• EXERCISE DIRECTIONS:
When you reach the line that contains "Sheep Toilet Paper", begin copying exactly, and continue through the last line of the data; no pictures belong in the copy.

• INPUT RECORDS:
□ □ □ □ □
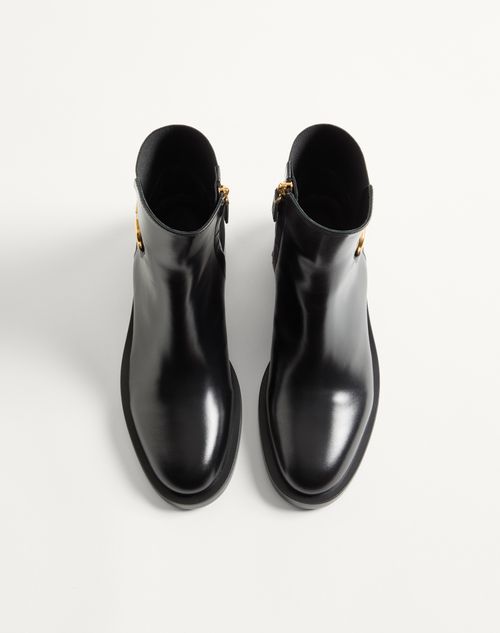 Valentino Garavani - Vlogo Signature Calfskin Ankle Boot 30mm - Black - Woman - Boots And Ankle Boots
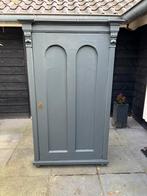 Stoere grijze landelijk grenen houten brocante meidenkast, Huis en Inrichting, Kasten | Kledingkasten, Ophalen, Met deur(en), 100 tot 150 cm
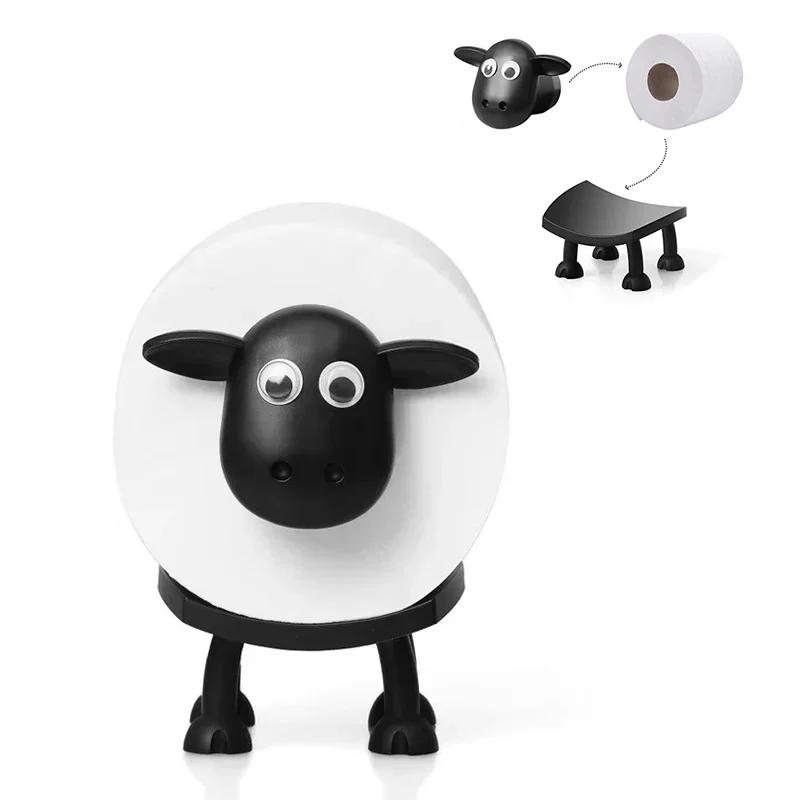 Sheep Toilet Paper Stand, Adorable Resin, Sheep Fabric Box, Stackable for Home, Bathroom, Vanity, Night Stand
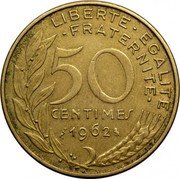 France 50 Centimes Marianne 1962 KM# 939.1 LIBERTE EGALITE FRATERNITE A.DIEUDONNE 50 CENTIMES 1962 coin reverse France 50 Centimes Marianne 1962 KM# 939.1 LIBERTE EGALITE FRATERNITE A.DIEUDONNE 50 CENTIMES 1962 coin reverse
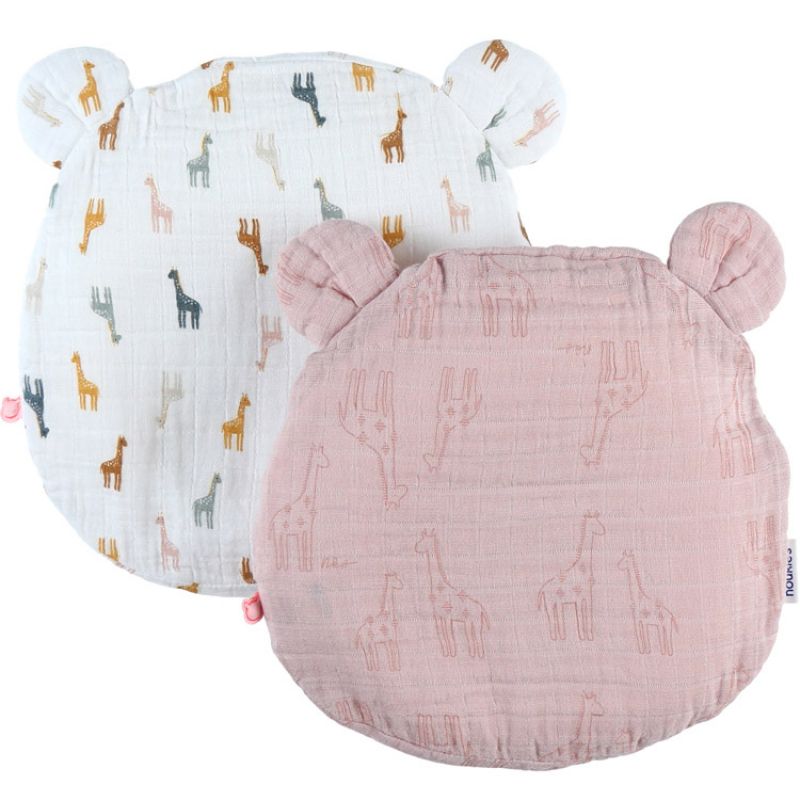 Lot de 2 coussins tête d'ours Mix & Match rose (20 cm) Noukie's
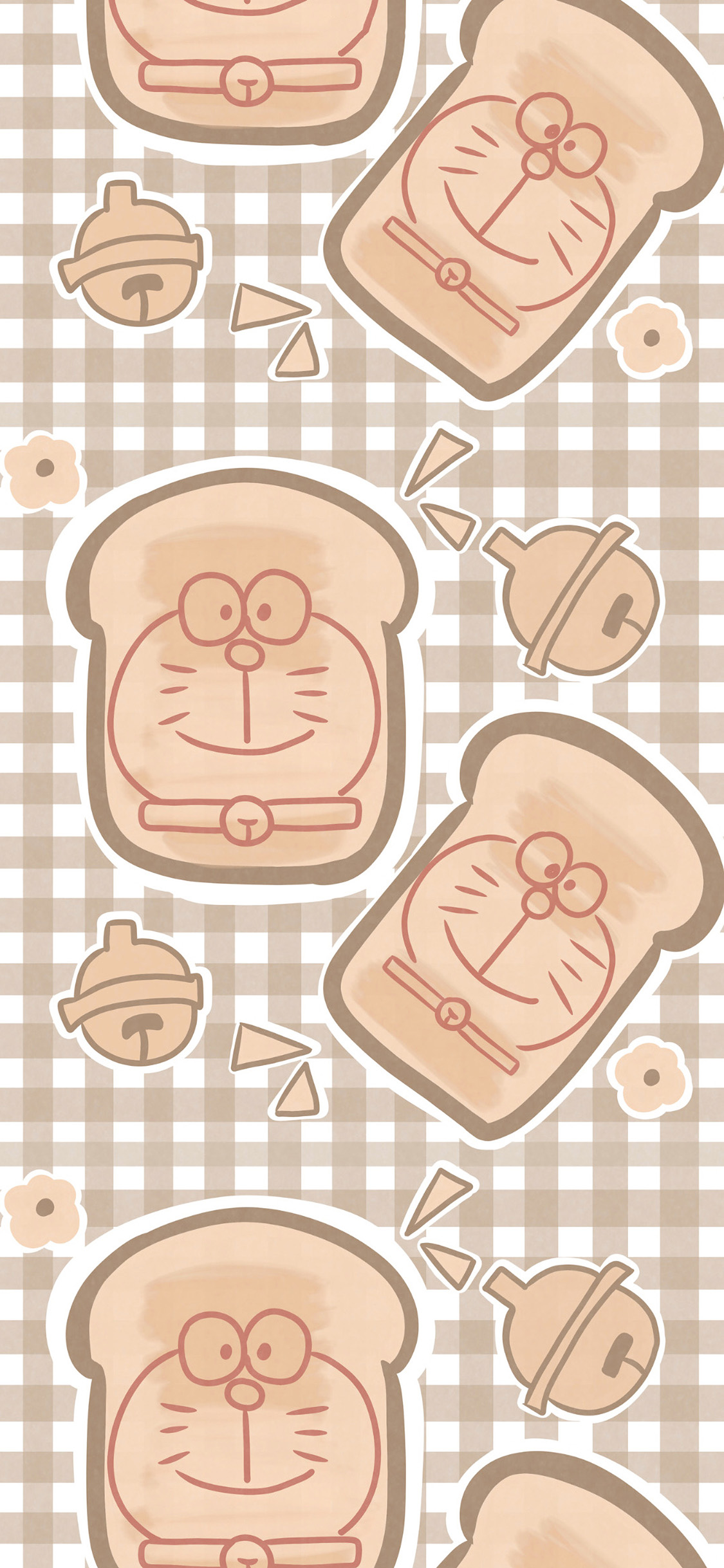 [2436×1125]格子背景 日漫 哆啦A梦 面包（取自微博：寄喜饼给你喔） 苹果手机动漫壁纸图片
□ □ □ □ □
• PROBLEM SOLUTION:
 Sheep Toilet Paper Stand, Adorable Resin, Sheep Fabric Box, Stackable for Home, Bathroom, Vanity, Night Stand
 France 50 Centimes Marianne 1962 KM# 939.1 LIBERTE EGALITE FRATERNITE A.DIEUDONNE 50 CENTIMES 1962 coin reverse France 50 Centimes Marianne 1962 KM# 939.1 LIBERTE EGALITE FRATERNITE A.DIEUDONNE 50 CENTIMES 1962 coin reverse
 Lot de 2 coussins tête d'ours Mix & Match rose (20 cm) Noukie's
 [2436×1125]格子背景 日漫 哆啦A梦 面包（取自微博：寄喜饼给你喔） 苹果手机动漫壁纸图片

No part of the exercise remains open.